## Work item
The required output is the line that contains "Ünlü Bilim İnsanları Posteri" and every line after it, each written out exactly, up to the end of the entries.
═══ Recorded information ═══
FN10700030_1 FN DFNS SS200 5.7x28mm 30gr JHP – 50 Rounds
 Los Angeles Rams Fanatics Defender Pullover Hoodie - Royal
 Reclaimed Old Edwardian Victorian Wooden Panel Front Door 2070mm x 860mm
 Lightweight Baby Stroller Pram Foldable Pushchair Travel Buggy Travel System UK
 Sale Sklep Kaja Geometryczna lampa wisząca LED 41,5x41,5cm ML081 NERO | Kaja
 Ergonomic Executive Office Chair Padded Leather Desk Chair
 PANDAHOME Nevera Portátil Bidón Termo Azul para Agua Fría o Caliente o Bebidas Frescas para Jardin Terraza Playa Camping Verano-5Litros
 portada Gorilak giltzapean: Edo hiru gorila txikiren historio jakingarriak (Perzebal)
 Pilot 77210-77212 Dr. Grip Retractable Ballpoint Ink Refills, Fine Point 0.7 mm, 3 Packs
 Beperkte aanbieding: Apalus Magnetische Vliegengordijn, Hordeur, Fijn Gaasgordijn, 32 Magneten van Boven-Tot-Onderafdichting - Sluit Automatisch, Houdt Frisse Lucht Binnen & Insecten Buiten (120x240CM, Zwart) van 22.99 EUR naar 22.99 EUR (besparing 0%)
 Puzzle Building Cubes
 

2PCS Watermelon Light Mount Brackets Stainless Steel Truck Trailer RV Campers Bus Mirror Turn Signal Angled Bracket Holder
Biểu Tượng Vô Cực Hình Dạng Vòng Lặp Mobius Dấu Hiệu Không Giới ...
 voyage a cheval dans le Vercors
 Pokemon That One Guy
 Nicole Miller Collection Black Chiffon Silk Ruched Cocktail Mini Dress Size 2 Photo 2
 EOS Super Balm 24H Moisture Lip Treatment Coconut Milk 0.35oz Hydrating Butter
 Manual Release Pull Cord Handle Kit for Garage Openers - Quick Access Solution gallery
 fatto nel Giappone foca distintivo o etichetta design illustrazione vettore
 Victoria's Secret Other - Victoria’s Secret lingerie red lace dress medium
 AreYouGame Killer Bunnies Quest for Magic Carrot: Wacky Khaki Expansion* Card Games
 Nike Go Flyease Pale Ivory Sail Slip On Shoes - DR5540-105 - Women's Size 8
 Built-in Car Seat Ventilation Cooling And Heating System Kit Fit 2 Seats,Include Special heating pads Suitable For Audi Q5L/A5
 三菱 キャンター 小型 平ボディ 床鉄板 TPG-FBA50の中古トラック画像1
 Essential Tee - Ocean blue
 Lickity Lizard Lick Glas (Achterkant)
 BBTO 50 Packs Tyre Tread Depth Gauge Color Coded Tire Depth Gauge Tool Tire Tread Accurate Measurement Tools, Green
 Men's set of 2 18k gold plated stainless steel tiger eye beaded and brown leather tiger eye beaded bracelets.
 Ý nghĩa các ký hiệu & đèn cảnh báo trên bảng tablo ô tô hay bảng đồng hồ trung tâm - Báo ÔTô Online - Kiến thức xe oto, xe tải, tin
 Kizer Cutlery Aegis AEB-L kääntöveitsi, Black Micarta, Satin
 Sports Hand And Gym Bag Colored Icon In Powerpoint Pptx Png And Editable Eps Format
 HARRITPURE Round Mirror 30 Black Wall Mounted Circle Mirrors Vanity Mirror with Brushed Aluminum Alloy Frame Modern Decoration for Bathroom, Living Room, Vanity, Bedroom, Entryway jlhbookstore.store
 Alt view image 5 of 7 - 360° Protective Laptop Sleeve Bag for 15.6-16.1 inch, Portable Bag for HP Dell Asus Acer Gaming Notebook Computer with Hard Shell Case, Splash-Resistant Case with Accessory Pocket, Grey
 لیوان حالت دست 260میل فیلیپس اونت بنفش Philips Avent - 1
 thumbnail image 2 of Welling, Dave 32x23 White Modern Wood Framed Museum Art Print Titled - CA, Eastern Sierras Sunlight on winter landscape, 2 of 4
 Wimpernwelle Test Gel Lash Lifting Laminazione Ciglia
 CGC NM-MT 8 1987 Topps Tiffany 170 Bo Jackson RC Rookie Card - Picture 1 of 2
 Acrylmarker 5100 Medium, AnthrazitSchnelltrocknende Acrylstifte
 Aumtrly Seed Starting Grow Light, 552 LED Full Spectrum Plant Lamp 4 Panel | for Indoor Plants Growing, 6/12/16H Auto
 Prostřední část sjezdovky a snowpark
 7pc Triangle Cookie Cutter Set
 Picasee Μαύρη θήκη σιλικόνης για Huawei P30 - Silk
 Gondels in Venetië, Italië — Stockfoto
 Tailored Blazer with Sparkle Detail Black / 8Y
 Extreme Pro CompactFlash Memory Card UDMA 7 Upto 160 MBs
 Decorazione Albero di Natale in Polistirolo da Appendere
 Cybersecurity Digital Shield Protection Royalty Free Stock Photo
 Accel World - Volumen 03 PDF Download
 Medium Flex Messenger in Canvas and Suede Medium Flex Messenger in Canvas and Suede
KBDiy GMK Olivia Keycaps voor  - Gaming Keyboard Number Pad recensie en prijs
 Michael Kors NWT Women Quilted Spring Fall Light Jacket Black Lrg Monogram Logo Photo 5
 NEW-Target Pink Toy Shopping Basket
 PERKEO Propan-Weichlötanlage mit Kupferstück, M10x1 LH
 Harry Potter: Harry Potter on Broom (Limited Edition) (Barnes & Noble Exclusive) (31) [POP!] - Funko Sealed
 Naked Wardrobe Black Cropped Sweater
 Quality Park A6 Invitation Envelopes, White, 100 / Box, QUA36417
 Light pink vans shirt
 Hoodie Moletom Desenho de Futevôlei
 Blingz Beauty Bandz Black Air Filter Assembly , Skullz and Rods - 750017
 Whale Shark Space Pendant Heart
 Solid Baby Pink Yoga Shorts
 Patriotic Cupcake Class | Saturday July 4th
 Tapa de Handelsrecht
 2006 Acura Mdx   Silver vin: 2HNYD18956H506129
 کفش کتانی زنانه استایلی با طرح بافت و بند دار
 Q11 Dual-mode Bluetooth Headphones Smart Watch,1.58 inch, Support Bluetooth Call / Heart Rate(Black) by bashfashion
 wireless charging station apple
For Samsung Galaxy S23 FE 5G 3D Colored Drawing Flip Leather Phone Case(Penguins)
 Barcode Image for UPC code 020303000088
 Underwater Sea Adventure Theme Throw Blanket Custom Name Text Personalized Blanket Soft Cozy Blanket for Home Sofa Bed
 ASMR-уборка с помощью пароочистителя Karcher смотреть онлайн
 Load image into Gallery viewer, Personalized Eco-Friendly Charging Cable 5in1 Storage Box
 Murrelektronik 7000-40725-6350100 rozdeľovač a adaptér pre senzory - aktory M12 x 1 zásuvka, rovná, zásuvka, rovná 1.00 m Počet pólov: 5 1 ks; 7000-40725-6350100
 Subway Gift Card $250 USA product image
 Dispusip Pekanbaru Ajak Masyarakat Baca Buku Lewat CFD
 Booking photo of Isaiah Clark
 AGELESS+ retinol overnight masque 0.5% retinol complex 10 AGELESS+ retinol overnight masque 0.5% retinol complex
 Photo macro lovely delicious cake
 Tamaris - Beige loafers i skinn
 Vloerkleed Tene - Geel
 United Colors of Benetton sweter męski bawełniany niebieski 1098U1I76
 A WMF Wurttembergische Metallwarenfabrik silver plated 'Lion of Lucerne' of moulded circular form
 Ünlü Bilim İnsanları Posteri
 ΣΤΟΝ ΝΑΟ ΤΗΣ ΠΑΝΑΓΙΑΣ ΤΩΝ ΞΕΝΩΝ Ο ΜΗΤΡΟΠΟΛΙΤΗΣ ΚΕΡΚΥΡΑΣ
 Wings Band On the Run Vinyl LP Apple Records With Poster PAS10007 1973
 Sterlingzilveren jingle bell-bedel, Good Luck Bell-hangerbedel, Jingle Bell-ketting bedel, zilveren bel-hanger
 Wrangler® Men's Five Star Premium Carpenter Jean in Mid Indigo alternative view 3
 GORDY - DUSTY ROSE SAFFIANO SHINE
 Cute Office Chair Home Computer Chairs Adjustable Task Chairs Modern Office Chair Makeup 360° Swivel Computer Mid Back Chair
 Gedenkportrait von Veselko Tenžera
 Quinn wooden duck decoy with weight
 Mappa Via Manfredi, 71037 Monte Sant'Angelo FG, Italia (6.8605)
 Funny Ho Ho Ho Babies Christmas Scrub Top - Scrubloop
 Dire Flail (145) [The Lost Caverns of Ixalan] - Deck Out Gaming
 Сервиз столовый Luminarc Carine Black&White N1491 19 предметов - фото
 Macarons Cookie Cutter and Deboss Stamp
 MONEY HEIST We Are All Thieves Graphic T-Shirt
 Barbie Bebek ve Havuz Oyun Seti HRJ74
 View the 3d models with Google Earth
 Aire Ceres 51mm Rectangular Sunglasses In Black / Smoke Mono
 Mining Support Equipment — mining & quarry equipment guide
═══
## Answer section
 Ünlü Bilim İnsanları Posteri
 ΣΤΟΝ ΝΑΟ ΤΗΣ ΠΑΝΑΓΙΑΣ ΤΩΝ ΞΕΝΩΝ Ο ΜΗΤΡΟΠΟΛΙΤΗΣ ΚΕΡΚΥΡΑΣ
 Wings Band On the Run Vinyl LP Apple Records With Poster PAS10007 1973
 Sterlingzilveren jingle bell-bedel, Good Luck Bell-hangerbedel, Jingle Bell-ketting bedel, zilveren bel-hanger
 Wrangler® Men's Five Star Premium Carpenter Jean in Mid Indigo alternative view 3
 GORDY - DUSTY ROSE SAFFIANO SHINE
 Cute Office Chair Home Computer Chairs Adjustable Task Chairs Modern Office Chair Makeup 360° Swivel Computer Mid Back Chair
 Gedenkportrait von Veselko Tenžera
 Quinn wooden duck decoy with weight
 Mappa Via Manfredi, 71037 Monte Sant'Angelo FG, Italia (6.8605)
 Funny Ho Ho Ho Babies Christmas Scrub Top - Scrubloop
 Dire Flail (145) [The Lost Caverns of Ixalan] - Deck Out Gaming
 Сервиз столовый Luminarc Carine Black&White N1491 19 предметов - фото
 Macarons Cookie Cutter and Deboss Stamp
 MONEY HEIST We Are All Thieves Graphic T-Shirt
 Barbie Bebek ve Havuz Oyun Seti HRJ74
 View the 3d models with Google Earth
 Aire Ceres 51mm Rectangular Sunglasses In Black / Smoke Mono
 Mining Support Equipment — mining & quarry equipment guide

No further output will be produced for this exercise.